Atlético Mineiro comemora sucesso de iniciativas em NFT

Clube participou no início do mês de leilão para a venda de cards dos jogadores do Atlético

O Atlético Mineiro, um dos principais times de futebol do Brasil, está comemorando os resultados iniciais da sua incursão ao mercado de NFT (tokens não fungíveis), anunciadas no início do mês, quando a organização esportiva também anunciou o leilão de um quadro e a parceria com a Sorare.

Atlético Mineiro NFT

“(O NFT no Atlético) já se paga. Não só se paga, já está dando lucro. O Atlético teve zero custo com a Sorare, mas a Sorare já está dando um valor bem considerável. E a iniciativa do (quadro de) Victor, apesar de a gente ainda ter alguns dias para o leilão, já está com um lance considerável. Então, sim, já está se pagando e trazendo lucro para o clube. É importante frisar: não está trazendo um mega lucro. É algo inicial, de passinho em passinho, que a gente está fazendo com muita calma, como deve ser”, revelou o gerente de inovação do clube, Relipe Ribbe, em entrevista ao Globo Esporte.
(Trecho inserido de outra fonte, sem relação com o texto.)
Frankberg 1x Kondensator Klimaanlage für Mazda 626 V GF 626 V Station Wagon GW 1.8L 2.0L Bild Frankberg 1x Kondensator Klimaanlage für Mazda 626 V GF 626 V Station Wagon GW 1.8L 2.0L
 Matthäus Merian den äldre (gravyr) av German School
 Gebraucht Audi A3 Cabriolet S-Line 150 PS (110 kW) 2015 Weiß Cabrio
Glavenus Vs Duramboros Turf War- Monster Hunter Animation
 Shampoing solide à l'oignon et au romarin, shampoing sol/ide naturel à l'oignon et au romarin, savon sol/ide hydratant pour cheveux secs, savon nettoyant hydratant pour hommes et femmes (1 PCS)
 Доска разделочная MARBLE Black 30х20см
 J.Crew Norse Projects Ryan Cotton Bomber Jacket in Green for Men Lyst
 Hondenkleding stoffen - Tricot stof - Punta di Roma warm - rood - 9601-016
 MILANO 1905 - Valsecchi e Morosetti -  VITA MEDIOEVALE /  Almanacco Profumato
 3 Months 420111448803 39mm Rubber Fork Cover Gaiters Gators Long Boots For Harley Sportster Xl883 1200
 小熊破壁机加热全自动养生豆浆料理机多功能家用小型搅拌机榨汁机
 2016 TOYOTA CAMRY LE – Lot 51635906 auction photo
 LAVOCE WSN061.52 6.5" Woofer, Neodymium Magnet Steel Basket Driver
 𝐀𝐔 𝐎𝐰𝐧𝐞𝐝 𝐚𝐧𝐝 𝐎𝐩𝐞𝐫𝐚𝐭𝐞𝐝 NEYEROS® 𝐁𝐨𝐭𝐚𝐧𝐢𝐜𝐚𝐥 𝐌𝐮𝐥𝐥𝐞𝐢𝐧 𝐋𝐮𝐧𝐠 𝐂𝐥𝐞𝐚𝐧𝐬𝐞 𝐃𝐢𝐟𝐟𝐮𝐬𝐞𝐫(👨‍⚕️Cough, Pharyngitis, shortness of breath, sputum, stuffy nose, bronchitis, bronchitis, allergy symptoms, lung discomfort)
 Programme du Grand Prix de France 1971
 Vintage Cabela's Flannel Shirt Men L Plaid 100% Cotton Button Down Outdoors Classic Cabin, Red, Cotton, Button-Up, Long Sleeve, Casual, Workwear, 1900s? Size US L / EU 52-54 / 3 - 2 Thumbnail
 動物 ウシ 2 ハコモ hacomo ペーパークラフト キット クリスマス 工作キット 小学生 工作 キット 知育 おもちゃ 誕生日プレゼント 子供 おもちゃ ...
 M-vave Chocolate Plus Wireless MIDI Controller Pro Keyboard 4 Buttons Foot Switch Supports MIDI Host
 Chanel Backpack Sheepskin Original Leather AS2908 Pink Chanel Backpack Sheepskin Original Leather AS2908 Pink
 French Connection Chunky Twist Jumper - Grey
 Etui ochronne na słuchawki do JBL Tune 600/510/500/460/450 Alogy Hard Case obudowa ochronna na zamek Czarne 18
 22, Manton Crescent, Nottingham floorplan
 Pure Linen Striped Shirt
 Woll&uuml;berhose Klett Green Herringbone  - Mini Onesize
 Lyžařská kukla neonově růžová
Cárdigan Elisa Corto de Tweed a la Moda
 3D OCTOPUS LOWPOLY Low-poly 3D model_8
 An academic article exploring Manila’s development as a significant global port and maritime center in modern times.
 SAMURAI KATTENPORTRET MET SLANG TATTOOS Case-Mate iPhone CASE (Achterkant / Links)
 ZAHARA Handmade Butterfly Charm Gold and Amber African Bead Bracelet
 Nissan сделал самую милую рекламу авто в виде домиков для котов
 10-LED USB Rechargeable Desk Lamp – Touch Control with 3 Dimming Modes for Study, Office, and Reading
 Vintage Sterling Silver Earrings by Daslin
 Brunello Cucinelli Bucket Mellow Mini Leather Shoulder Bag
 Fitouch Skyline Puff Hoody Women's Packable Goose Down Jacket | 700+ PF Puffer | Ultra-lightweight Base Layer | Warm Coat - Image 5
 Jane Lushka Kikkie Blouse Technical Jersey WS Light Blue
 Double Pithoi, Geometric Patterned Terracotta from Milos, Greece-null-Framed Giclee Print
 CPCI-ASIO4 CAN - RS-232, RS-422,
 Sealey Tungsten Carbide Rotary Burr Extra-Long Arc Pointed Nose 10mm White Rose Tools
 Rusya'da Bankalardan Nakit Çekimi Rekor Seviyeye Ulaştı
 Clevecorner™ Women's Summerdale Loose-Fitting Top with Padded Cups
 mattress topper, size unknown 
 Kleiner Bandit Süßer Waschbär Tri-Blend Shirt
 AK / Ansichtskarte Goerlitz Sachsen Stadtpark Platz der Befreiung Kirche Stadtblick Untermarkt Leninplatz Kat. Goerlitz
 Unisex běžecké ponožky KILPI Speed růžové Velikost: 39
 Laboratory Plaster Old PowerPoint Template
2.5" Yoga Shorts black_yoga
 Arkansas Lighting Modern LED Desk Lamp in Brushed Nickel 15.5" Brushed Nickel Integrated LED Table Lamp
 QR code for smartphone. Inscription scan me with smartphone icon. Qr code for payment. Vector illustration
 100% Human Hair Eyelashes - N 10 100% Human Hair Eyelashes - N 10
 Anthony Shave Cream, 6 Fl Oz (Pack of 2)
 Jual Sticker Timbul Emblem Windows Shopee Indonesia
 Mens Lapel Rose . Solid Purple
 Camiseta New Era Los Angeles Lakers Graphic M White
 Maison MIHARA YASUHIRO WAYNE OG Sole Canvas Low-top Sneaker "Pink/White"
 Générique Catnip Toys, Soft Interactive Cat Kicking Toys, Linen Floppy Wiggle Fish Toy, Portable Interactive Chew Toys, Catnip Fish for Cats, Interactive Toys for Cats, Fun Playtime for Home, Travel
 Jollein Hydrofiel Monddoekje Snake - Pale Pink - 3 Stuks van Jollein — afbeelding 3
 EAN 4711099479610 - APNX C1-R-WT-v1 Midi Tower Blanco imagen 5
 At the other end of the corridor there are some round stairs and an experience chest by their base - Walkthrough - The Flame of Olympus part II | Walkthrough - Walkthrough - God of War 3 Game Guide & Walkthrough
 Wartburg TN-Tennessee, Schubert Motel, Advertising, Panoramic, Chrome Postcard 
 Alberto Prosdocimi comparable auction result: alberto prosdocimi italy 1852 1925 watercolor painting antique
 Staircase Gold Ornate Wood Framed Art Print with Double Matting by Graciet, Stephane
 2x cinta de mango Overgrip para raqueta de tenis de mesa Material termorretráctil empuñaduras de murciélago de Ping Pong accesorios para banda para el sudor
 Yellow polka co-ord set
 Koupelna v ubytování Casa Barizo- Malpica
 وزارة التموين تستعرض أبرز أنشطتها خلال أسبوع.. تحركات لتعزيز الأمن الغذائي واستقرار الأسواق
Ribbe contou que os cards dos jogadores do Atlético vendidos na Sorare, plataforma de um fantasy game similar ao Cartola e que também comercializa cards em NFT dos atletas, supera os 212 mil euros (cerca de US$ 1,4 milhão). Desse total, a maior parte fica com a Sorare e uma parcela é destinada ao clube, que não tem nenhum custo com a iniciativa.

“Por cláusula de confidencialidade, a gente não pode falar o porcentual. O que a gente pode dizer é que é um porcentual dentro da média de licenciamento de marca. Acaba dando uma quantia relevante, principalmente se a gente considerar que era algo que o Atlético tinha zero, era algo que não estava na mesa”, explicou o gerente de inovação. Entre os cards vendidos estão o do lateral esquerdo Guilherme Arana, que foi leiloado por 14.095 euros. 

“Acabou que a gente foi bem surpreendido. Confesso que, quando finalizou o leilão do Arana, eu realmente não acreditei. Na semana passada, saiu o do Junior Alonso por 13 mil euros”, disse Ribbe, revelando também que até jogadores ainda pouco conhecidos, como Echaporã, atleta da base que ainda atua pouco no time principal, teve o card adquirido por 500 euros.

“Se daqui a alguns anos esse cara explodir e for para um time de fora, essa pessoa vai ter um card dos primeiros lançados do Echaporã. Isso acaba tendo um valor de colecionável digital, que é algo que acontece muito também”, avaliou Ribbe.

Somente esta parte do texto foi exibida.